Sevilla

Manuel Melado: la costa de los jazmines

Aquella costa de jazmines y de las damas de noche no tenía ni banderas verdes ni rojas. Ni mareas ni oleajes

Archivo Manolo Melado

Félix Machuca

Fue quizás la playa más cinematográfica y concurrida por muchos sevillanos durante años. Los años difíciles y empinados del pan con aceite verde para la merienda y el puchero con hierbabuena para entonarse. Fue aquella playa una costa de jazmines y damas de noches, con albero en vez de arena , con el pescao frito en los veladores, con lagartijas cazando polillas en las pantallas y con Gary Cooper que aún no estaba en los cielos, solo ante el peligro. Por mucho menos que por un puñado de dólares viajabas con Sean Connery a los paraísos inalcanzables de Bahamas con la contraseña 007; te topabas con El bueno, el feo y el malo en la selecta nevería del local; y veías una de romanos con despistados relojes en algunas muñecas de los legionarios mientras el imperio se tambaleaba en su lucha contra los bárbaros. Aquella costa de los jazmines y de las damas de noche no tenía ni banderas verdes ni rojas. Ni mareas ni oleajes. Quizás alguna que otra resaca a la que te arrastraba la ría de cerveza de una noche de verano. Era la costa de los cines en la que Sevilla esperaba para irse a Chipiona o para quedarse en barbecho porque no alcanzaba para Matalascañas.

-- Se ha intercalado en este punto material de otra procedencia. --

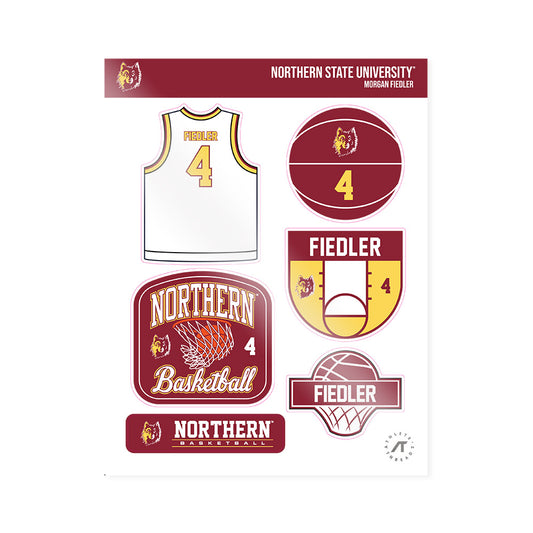 NSU - NCAA Women's Basketball : Morgan Fiedler - Sticker Sheet-0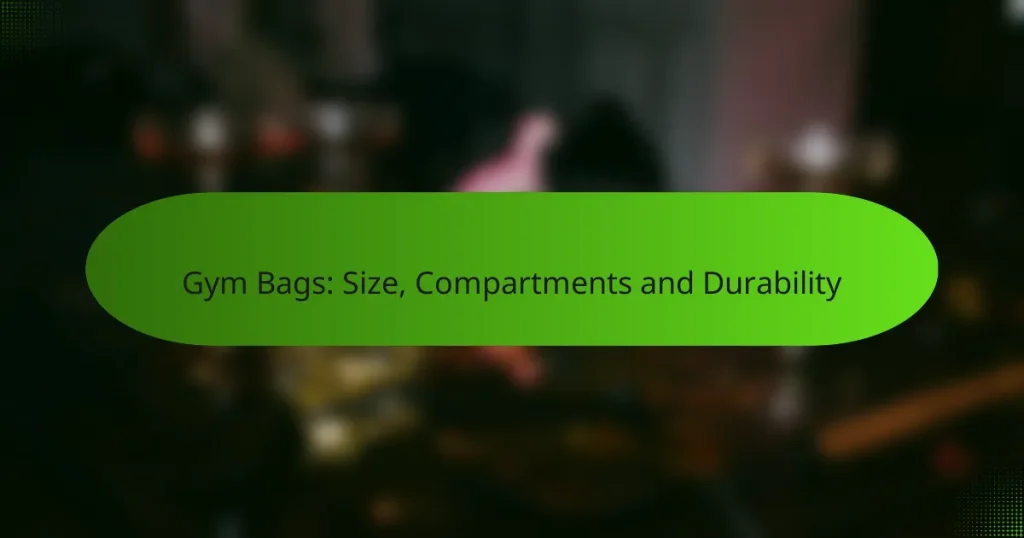 Gym Bags: Size, Compartments and Durability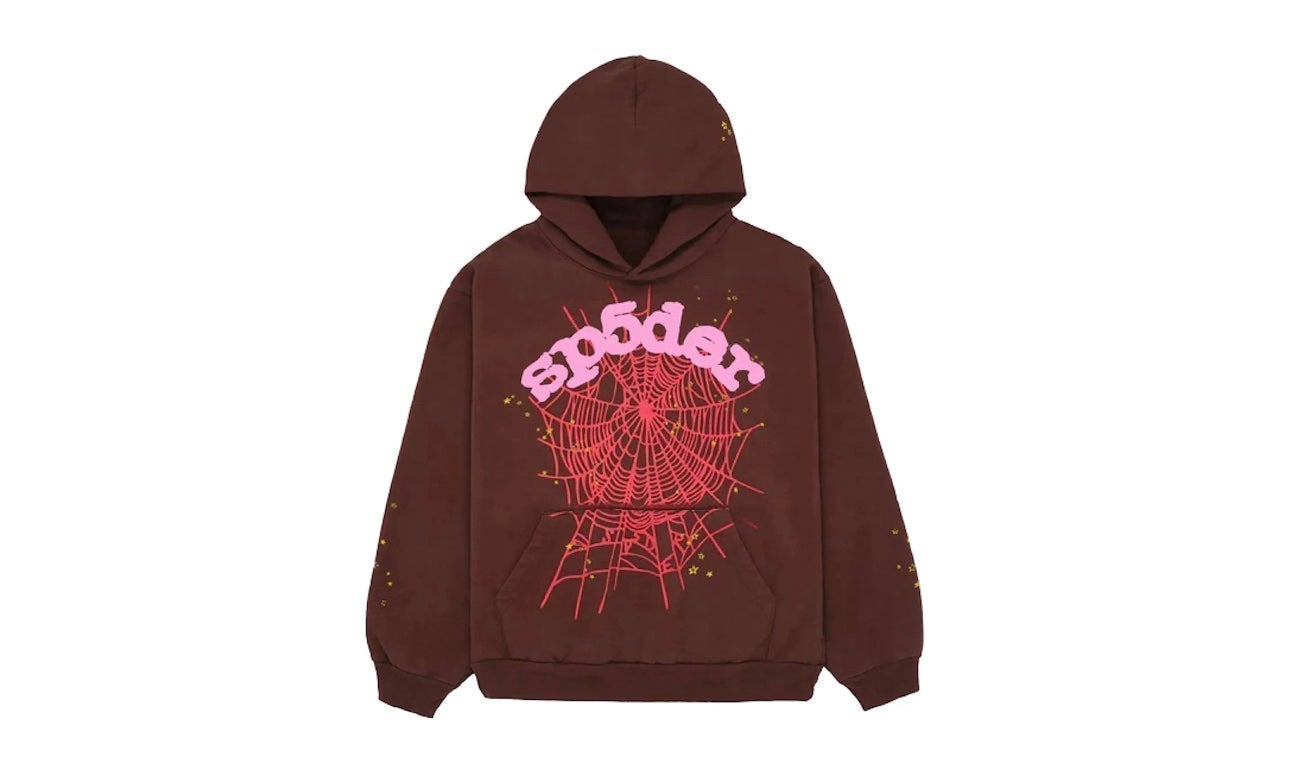 spider worldwide web hoodie “brown”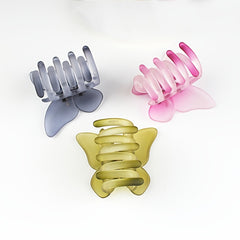 Butterfly Decor Hair Claw Gradient Banana Clip Hairgrip Hair Accessory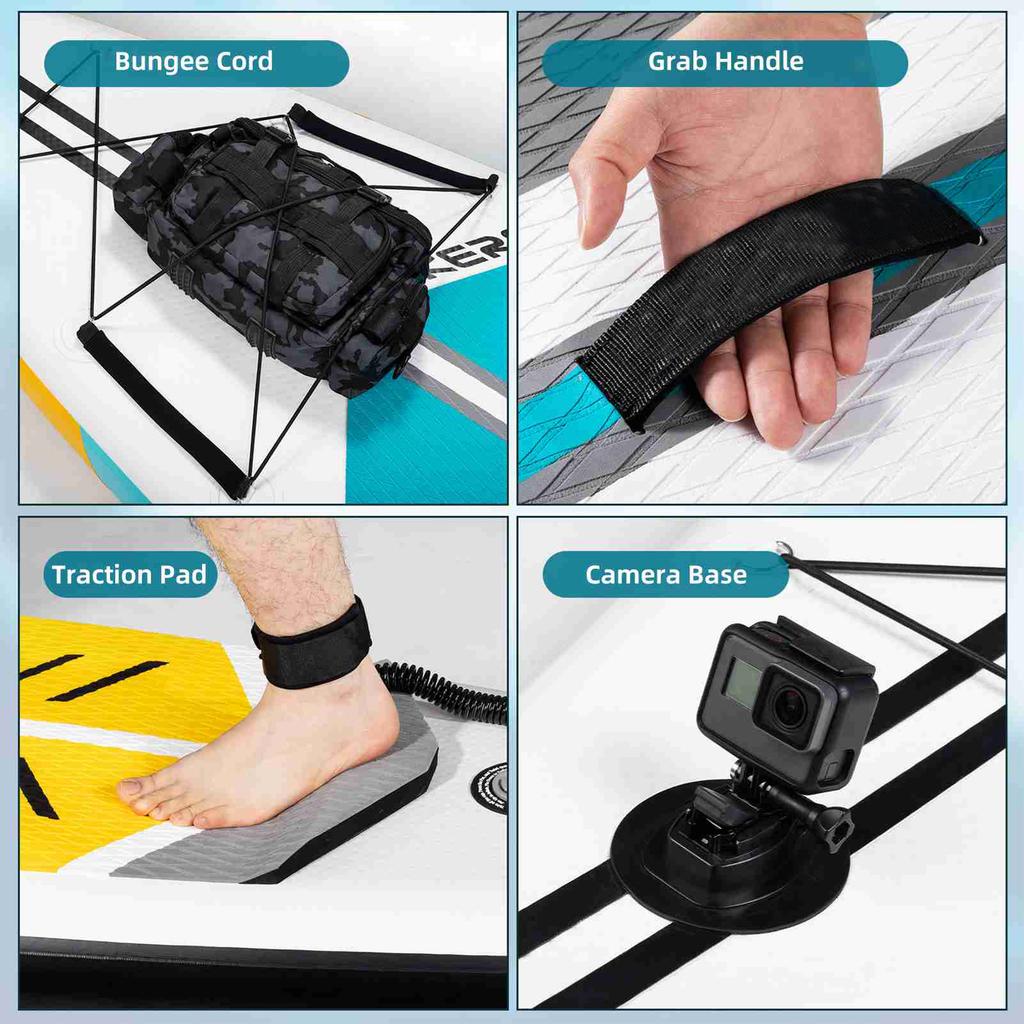 Надувная доска для сапсерфинга SUP 6 дюймов толщиной SUP доска для серфинга серф-набор с веслом серф-плавником и витым лишем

Manolo Melado , que goza de atalaya veraniega en la Antilla desde los años ochenta, frecuentó en su juventud aquellas playas familiares pero muy cinematográficas, donde a la luna se le veía el ombligo y a Sofía Loren se le intuía el deseo en aquellos labios carnosos, deseables y febriles de Los Girasoles. El autor y compositor de sevillanas tan celebradas como «Quiero cruzar la bahía», «Mírala cara a cara» o «El Cristo de los Gitanos», fue un incondicional de aquellas costas donde se nadaba en la salada claridad de la juventud. Melado echa la vista atrás y mira aquel tiempo entre la nostalgia y la felicidad. Tiempos de escasez pero donde abundaba la risa y el salero jamás se quedó vacío para aliñar una fuente de tomates ni una buena ocurrencia. Como la que vivió en el cine Campoamor, en la carretera Carmona, en pleno mes de octubre, dos pases por sesión, donde se rifaba una manta con el número de la entrada. Al cine la guasa popular lo bautizó como «el santuario no se rinde», por lo fuera de temporada que cerraba. O aquel grito aterrador que sonó en mitad de la película Belinda y la gente creyó que la muda, al fin, hablaba. La que gritó fue una espectadora por culpa de una rata que le pasó por los pies.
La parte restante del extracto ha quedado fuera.